Aber auch da gibt es eine Lösung: Die Creality-Firmware wurde durch Klipper ersetzt. Die Klipper Firmware selbst kann recht wenig, der Trick liegt darin die eigentliche Berechnung vom Drucker auf ein stärkeres Gerät auszulagern. Initial bei mir ein RaspberryPi 3B+*, welcher aber nicht gut dem plötzlichen Stromverlust durch den Smart Home Stecker zurechtkam und inzwischen leider defekt ist. Aber was wäre ich für ein Nerd, wenn ich keine Lösung (bereit) hätte? Mein altes Notebook kommt wunderbar mit Stromverlust zurecht und hat auch genug Leistung. Ich drucke jetzt also schneller, aber nicht mit der gleichen Qualität, sondern einer besseren. Klipper bringt noch weitere spannende Funktionen mit. Die beiden wichtigsten sind Pressure Advance und Ressonance Compensation. Ersteres prüft den Druck und passt dann jeweils den Materialfluss an, um zu verhindern, dass zu viel oder zu wenig Kuststoff aus der Düse gedrückt wird. Die zweite Funktion kümmert sich um die Eigenvibration eines 3D-Druckers. Der Druckkopf bewegt sich auf einer Schiene hin und her, die Schiene fährt an gewindestangen in die Höhe und die Druckplatte bewegt sich. Wenig überraschend hat der Drucker eine gewisse Schwingung, die sich stärker bemerkbar macht, je höher der Druckkopf ist. Über einen Testdruck kann man die Frequenz dieser Schwingung bestimmen und in Klipper eingeben. Klipper passt dann die Bewegungen des Druckers so an, dass er diese Schwingungen ausgleicht, also quasi dagegenschwingt. Damit verschwinden Wellen in den Drucken quasi vollständig.

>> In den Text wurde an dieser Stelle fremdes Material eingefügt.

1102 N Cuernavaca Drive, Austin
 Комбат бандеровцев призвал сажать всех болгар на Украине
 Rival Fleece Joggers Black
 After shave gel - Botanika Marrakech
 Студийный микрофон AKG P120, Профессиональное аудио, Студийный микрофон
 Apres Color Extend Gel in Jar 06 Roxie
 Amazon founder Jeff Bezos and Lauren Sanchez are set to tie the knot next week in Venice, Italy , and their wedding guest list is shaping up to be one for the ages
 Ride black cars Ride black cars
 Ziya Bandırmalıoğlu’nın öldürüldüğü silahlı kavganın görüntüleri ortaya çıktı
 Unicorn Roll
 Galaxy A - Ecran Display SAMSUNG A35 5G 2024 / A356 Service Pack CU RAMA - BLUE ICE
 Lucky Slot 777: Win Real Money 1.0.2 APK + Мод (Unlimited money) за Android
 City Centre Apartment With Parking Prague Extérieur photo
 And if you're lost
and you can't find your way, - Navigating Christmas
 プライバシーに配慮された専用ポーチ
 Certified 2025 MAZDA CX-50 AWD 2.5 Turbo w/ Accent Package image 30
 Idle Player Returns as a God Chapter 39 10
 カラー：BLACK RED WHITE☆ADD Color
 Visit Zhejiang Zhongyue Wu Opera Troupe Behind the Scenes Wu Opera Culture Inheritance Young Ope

Was noch? Eine Druckkammer, günstig aus Stoff, habe ich mir noch zugelegt. Das schottet den Drucker von der Außenwelt ab und sorgt für konstante Temperaturen. Zusätzlich erlaubt die eingebaute Belüftung noch das Drucken giftigerer Kunststoffe wie ABS. Ausprobiert habe ich das aber noch nicht. Letzte Woche hatte ich den ersten Versuch mit einem anderen Filament als PLA+, und zwar TPU. Tja, ein neues Feld der Optimierung. Gut sehen die Drucke da noch nicht aus. Ah, und einen Sensor muss noch verbaut werden, damit der Druck automatisch stoppt, wenn das Kunststofffilament leer ist. Dadurch würde ich mir viele angebrochene Rollen sparen.
Aber habe ich nur optimiert? Natürlich nicht. Ich habe auch viel gedruckt. Viel Unnötiges, ein paar Deko-Gegenstände und doch auch einige praktische Sachen. MagSafe Tischladegerät für mein iPhone* und Apple Watch*, eine Ladeschale für meine Logitech G Pro Superlight*, Tischbefestigungen für die Joysticks, Kabelhalterungen, Fächer für Schubladen, Spiele, Schutzhüllen, Notebookhalterungen, ... Die Liste ist noch viel länger. Da ich bis heute noch kein 3D-Modelling beherrsche alles Dank anderer User, die ihre Modelle ins Internet stellen. Ich stolpere über ein Problem, ich suche im Internet nach einer passenden Lösung, ich drucke sie. Und das auch noch günstiger, als es irgendwo zu kaufen. Ein Notebookständer? Unter zwei Euro und in 15 Stunden gedruckt.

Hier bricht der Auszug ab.